Data
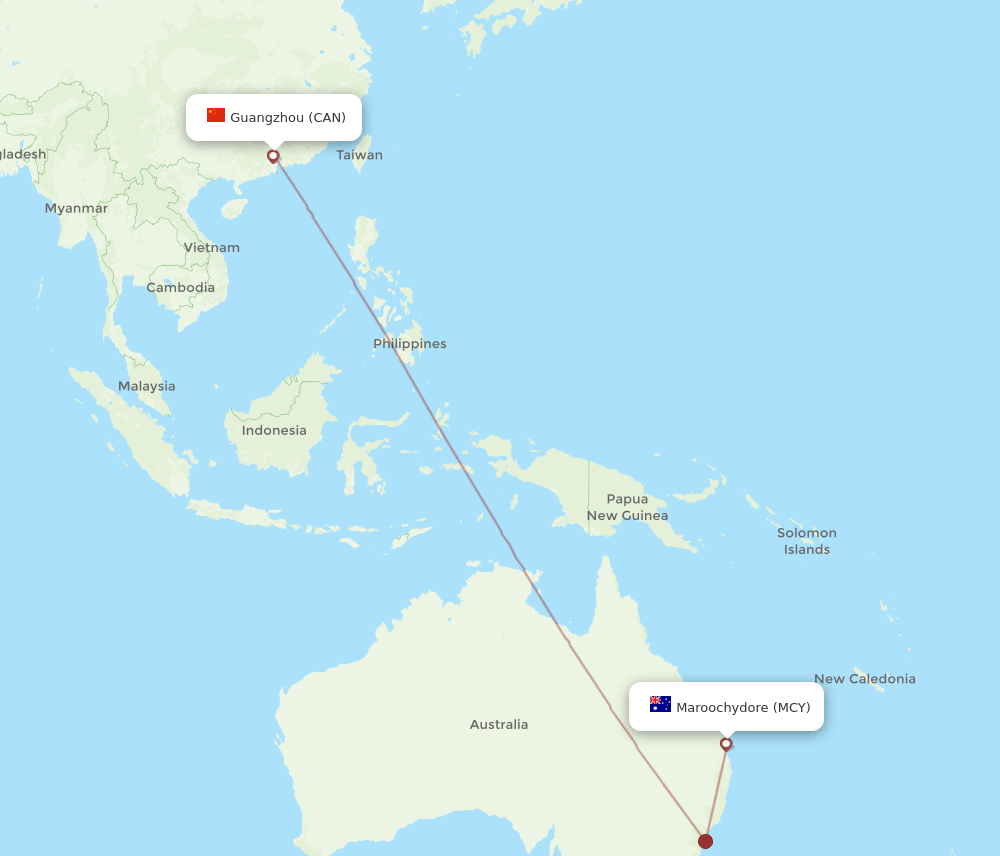 CAN-MCY flight routes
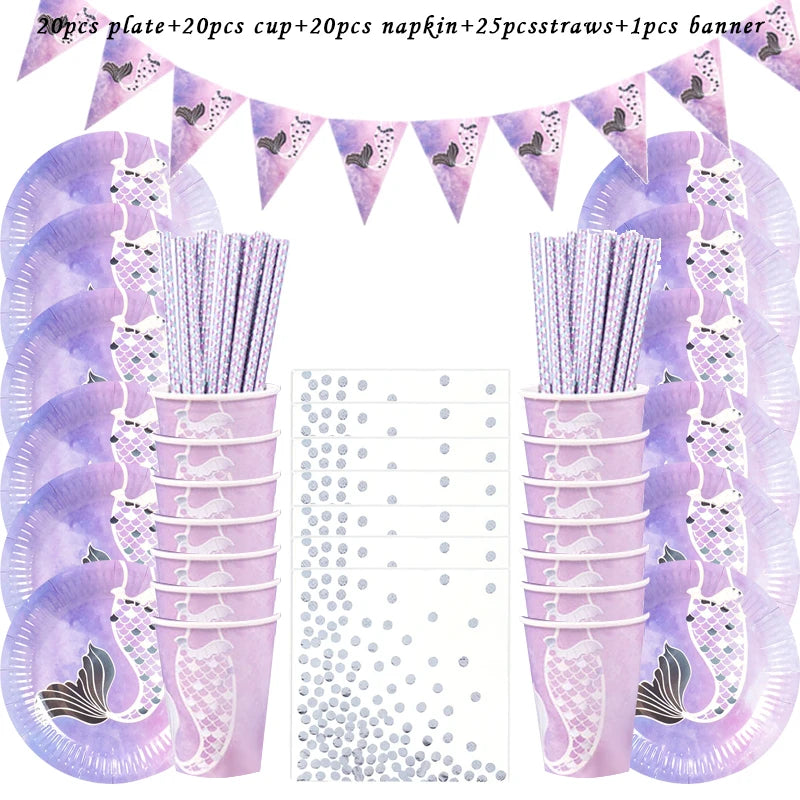 A display of mermaid-themed party tableware including plates, cups, napkins, straws, and a banner.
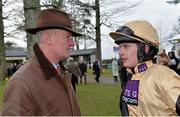 23 January 2014; Trainer Willie Mullins and jockey Paul Townend after winning the Goffs Thyestes Handicap Steeplechase with On His Own. Gowran Park, Gowran, Co. Kilkenny. Picture credit: Matt Browne / SPORTSFILE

Problem
Copy nothing but the lines from the line that contains "A display of" through the end of the listing, exactly, and keep pictures out of it.

Completed task
 A display of mermaid-themed party tableware including plates, cups, napkins, straws, and a banner.
 23 January 2014; Trainer Willie Mullins and jockey Paul Townend after winning the Goffs Thyestes Handicap Steeplechase with On His Own. Gowran Park, Gowran, Co. Kilkenny. Picture credit: Matt Browne / SPORTSFILE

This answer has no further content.